Parenting An Adult Child Who Makes Problematic Or Poor Choices In Life - What's The Best Way?

It's true that a parent's job doesn't end with diaper changes or attending a child's school plays or sending money for college tuitions. But it takes a real challenge to parent an adult child who has been making poor choices. How should a parent approach this when an adult is supposed to be responsible for his own life?

No one can predict what the future holds but parents can always prepare their children for this. Yet even with the best parenting, a child can still commit their biggest mistakes and failures as adults. It happens in many families -- the child with the highest potential to succeed later in life could end up jobless, divorced or suffering from substance abuse.
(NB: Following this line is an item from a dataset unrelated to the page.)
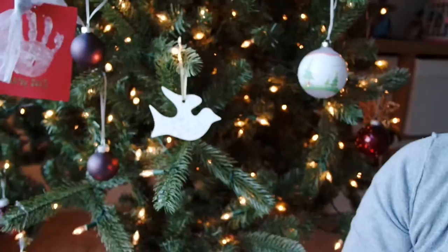So this is our Christmas tree. We had the kids decorate it. As you can see, most of the ornaments that are kid-friendly are on the bottom and then my more special ones are up at the top. So I'll show you some of those.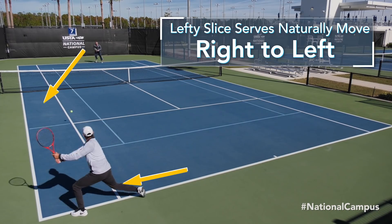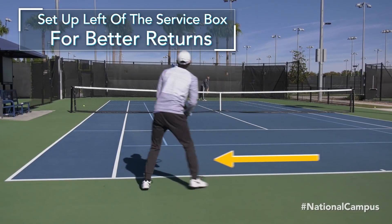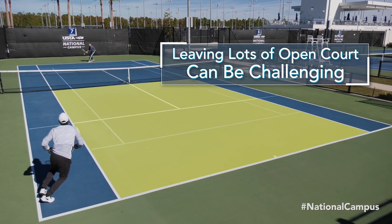A lefty slice serve naturally moves to the returner's left, so you'll want to position yourself left of the service box when lining up to return. This can be a challenge because it leaves you farther away from the middle of the court on your next shot.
School counselor Steve Wisner, who admits to alcoholism in college, believes that it helped him recover when his parents didn't intervene right away. "The decision to wait for my situation to worsen was difficult for my parents to bear," he wrote via Huffington Post. But it was because of this that he made a conscious choice to get into recovery.

Even though it was a long way for him to fully get sober, Wisner believes that his parents' acknowledgment that they had no power over their adult child's choices actually helped. Today, his success at overcoming his addiction reflects in the pride his parents show for him. "My mother calls me her 'miracle child' and my father proudly carries my first-year sobriety coin in his wallet," he wrote.

Parents might automatically feel that it's their responsibility to help out their problematic adult children. Yet sometimes helping out can be enabling and making a situation worse.

Failures and discomfort can become a motivator, according to iMom. Parents of adult children should only help if they see that there are desire and willingness from the child to remedy his situation, as in the case of Wisner.

Children are perceptive and aware of when they have disappointed their parents, more so with adult children. The best thing for parents to do in this case is to throw emotional support full of love and understanding, and reaffirm that no matter what they have done, they are still the parents' children.